##### THE INPUT

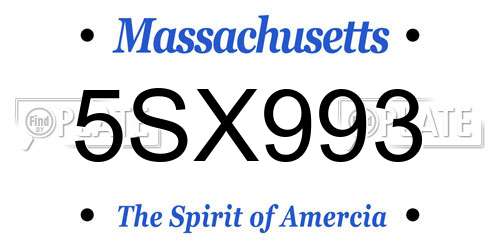 5SX993 Massachusetts License Plate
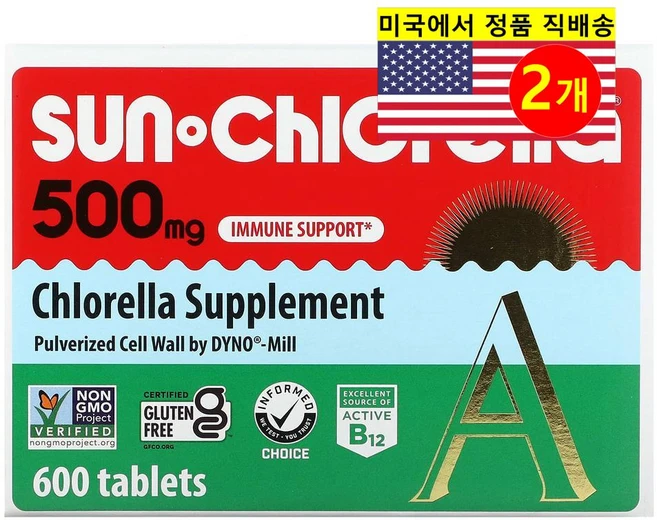Sun Chlorella 클로렐라 500mg 600정, 2개 - 쿠팡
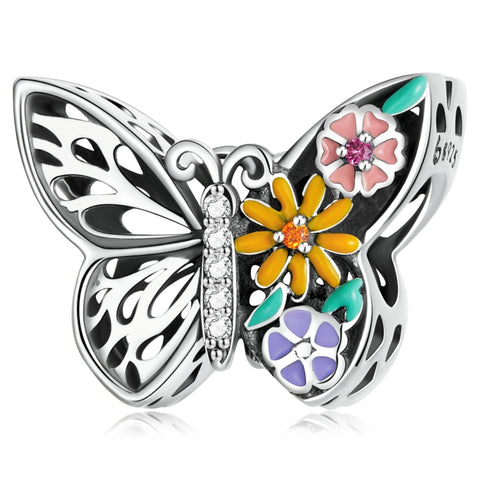 Accessori per collana braccialetto fai-da-te con perline a forma di farfalla in argento sterling S925, Fiore Farfalla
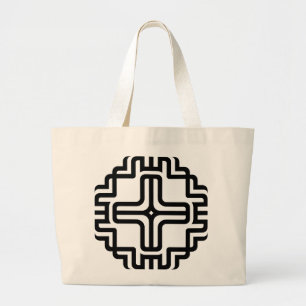 Modern Geometric Cross Line Art Large Tote Bag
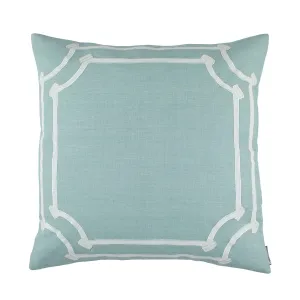 Angie Euro Pillow Spa Linen / White Linen Appliqué 28X28 (Insert Included)
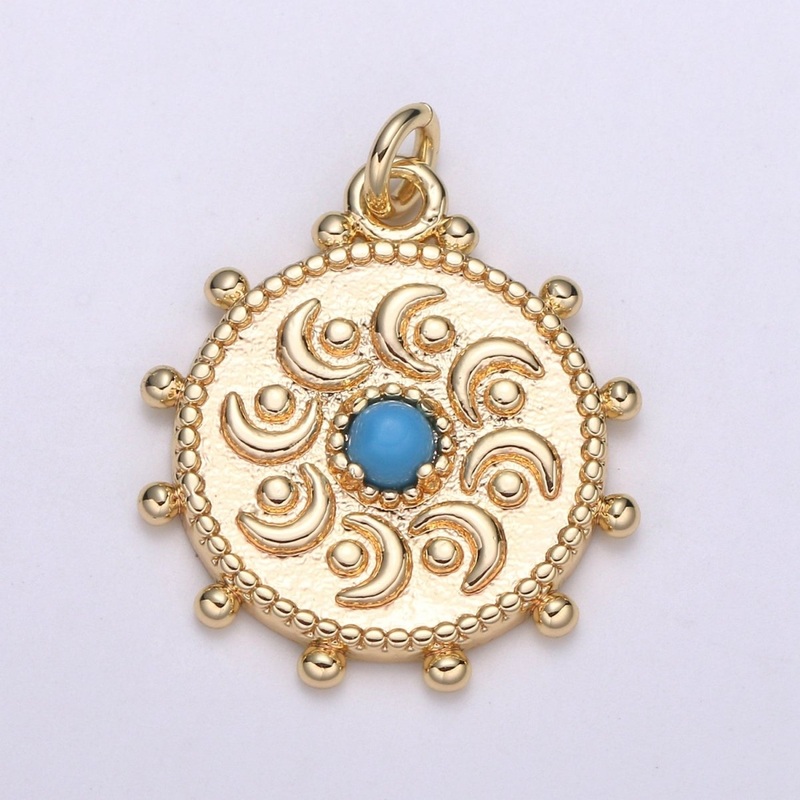 18K Gold Filled Medallion Charm 21.5×17.5mm Vintage Turqouise Pendant, Round Disc charms Minimalist Jewelry for Necklace Component E-144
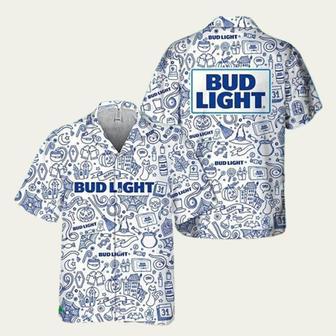 Halloween Doodle Art Bud Light Hawaiian Shirt | Newhawaiianshirts UK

##########

_TASK:_ Give back every line of the material exactly as written, but not the pictures.

_TASK OUTPUT:_
 5SX993 Massachusetts License Plate
Sun Chlorella 클로렐라 500mg 600정, 2개 - 쿠팡
 Accessori per collana braccialetto fai-da-te con perline a forma di farfalla in argento sterling S925, Fiore Farfalla
 Modern Geometric Cross Line Art Large Tote Bag
 Angie Euro Pillow Spa Linen / White Linen Appliqué 28X28 (Insert Included)
 18K Gold Filled Medallion Charm 21.5×17.5mm Vintage Turqouise Pendant, Round Disc charms Minimalist Jewelry for Necklace Component E-144
 Halloween Doodle Art Bud Light Hawaiian Shirt | Newhawaiianshirts UK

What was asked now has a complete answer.